— Exercise objective —
Among these records, which lines include "Frame"? Copy them out.

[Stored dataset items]
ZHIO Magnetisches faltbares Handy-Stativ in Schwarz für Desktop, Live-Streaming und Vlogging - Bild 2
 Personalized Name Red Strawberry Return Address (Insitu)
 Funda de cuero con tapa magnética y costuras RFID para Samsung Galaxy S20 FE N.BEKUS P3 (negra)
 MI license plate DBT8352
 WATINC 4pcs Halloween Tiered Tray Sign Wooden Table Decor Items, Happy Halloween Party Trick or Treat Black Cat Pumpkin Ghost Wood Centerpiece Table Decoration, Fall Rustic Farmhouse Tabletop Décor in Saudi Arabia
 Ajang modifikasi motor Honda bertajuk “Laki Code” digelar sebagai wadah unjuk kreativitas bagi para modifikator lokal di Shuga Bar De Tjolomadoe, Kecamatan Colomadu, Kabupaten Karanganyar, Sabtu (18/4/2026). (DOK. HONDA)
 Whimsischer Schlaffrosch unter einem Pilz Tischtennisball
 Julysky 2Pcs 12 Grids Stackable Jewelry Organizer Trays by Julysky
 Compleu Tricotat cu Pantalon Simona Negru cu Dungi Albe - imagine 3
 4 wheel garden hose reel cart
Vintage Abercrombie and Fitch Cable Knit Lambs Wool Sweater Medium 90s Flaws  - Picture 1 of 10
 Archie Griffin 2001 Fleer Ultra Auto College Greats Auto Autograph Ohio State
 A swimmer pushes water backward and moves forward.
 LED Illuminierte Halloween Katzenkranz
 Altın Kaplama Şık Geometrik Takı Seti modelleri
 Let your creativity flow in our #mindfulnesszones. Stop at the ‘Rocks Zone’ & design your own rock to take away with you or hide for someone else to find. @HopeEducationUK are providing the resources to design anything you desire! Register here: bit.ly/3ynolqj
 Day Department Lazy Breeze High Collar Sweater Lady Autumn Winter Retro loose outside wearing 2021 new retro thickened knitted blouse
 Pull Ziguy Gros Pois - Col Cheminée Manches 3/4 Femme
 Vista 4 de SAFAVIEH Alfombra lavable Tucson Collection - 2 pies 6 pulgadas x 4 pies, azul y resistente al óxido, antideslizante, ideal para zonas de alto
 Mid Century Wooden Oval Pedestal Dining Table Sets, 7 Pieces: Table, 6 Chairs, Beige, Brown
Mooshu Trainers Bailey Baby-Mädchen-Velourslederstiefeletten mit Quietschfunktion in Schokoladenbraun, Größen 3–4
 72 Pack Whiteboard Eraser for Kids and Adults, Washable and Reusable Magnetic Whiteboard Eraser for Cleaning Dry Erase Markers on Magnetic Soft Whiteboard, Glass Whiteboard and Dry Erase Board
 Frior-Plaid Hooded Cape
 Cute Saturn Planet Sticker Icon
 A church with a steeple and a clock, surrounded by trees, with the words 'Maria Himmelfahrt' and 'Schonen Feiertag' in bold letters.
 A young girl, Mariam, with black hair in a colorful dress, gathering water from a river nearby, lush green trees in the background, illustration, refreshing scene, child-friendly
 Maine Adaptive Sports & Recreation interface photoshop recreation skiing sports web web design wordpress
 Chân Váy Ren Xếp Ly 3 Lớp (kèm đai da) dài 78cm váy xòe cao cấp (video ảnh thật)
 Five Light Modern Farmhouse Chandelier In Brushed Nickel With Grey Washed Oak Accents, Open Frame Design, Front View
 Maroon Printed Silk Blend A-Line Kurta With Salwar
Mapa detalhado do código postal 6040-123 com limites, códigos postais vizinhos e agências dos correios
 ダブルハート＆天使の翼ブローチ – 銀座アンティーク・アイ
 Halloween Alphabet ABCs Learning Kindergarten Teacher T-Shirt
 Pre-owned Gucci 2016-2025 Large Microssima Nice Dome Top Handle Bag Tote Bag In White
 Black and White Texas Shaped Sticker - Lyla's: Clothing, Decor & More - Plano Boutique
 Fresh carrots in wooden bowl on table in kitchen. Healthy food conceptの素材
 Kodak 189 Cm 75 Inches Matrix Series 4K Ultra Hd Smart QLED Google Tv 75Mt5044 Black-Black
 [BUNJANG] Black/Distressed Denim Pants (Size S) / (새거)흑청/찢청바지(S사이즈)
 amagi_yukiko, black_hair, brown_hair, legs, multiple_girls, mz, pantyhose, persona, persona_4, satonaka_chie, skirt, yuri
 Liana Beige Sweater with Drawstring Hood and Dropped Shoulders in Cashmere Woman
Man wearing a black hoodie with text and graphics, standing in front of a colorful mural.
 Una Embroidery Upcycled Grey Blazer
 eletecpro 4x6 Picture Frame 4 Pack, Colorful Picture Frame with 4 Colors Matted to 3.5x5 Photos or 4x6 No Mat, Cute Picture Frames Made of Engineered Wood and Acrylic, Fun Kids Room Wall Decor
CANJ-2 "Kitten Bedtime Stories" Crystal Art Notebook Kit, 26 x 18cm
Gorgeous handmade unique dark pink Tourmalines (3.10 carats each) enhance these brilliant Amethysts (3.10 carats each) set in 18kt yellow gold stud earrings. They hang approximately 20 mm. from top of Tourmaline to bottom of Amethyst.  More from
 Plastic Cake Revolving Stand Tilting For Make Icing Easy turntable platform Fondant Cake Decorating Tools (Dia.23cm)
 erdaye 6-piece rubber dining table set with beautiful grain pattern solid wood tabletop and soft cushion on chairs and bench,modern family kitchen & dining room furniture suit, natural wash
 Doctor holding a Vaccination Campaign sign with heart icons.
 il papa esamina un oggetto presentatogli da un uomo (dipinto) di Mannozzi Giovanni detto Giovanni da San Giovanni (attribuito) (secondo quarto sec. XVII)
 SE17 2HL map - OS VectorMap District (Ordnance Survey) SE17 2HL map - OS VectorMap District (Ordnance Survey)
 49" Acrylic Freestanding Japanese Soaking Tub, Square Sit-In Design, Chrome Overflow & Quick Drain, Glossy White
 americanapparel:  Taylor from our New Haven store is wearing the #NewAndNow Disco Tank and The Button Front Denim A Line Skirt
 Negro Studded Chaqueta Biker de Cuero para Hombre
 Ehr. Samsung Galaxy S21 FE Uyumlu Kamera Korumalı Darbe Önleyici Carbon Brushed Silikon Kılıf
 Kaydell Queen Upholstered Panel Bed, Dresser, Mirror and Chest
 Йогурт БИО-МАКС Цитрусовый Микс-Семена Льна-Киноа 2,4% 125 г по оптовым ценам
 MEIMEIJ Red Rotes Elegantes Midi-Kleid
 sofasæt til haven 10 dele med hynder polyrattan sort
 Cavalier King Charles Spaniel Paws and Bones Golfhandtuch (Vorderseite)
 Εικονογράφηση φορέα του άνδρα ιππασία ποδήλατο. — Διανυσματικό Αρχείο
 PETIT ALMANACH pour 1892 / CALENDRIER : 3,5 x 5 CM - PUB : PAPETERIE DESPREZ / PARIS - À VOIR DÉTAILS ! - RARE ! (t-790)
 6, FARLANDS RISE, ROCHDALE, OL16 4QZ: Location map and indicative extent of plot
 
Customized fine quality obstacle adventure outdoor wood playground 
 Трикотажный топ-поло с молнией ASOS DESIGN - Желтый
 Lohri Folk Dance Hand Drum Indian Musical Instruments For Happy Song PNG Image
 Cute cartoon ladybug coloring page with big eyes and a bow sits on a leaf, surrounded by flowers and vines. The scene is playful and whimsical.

— Result —
 Five Light Modern Farmhouse Chandelier In Brushed Nickel With Grey Washed Oak Accents, Open Frame Design, Front View
 eletecpro 4x6 Picture Frame 4 Pack, Colorful Picture Frame with 4 Colors Matted to 3.5x5 Photos or 4x6 No Mat, Cute Picture Frames Made of Engineered Wood and Acrylic, Fun Kids Room Wall Decor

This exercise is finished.